Richard Owen was nominated for election to the Council again in 1862 (the council being the governing body of the Royal Society), but this was successfully (though controversially) opposed by Huxley. Although he remained a powerful figure in the Royal Society after 1858, his nomination by Edward Sabine in 1870 was again opposed. However, Owen continued to present papers to the Royal Society until at least 1887, by which time he was well into his 80s. Issues of Proceedings of the Royal Society of London on the internet archive make many references to his activities at the society over the years.
Concerning the Zoological Society, Owen resigned from the Council when Huxley was elected to it. Unfortunately, the source doesn't give a date so I'm not sure if this is referring to 1846.

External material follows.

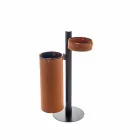 Moderní designový kožený věšák Made in Italy Leather - Adelfo Viadurini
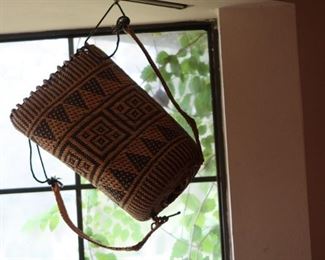 Vintage Hand Woven Basket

Owen was capable of great acts of kindness when it suited him and he maintained a life-long concern for the welfare of the poor of Lancaster, his hometown, which was the reason for his significant (but often overlooked) contribution to sanitary reform. Despite his many justifiable claims to fame in his scientific work, it seemingly wasn't enough for him; he plagiarized colleagues, claimed credit for the discoveries others and was vicious in his attacks on 'opponents'. His treatment of Gideon Mantell was particularly spiteful. Mantell said of Owen that it was
a pity a man so talented should be so dastardly and envious
while Darwin observed,
No one fact tells so strongly against Owen...as that he has never
reared one pupil or follower.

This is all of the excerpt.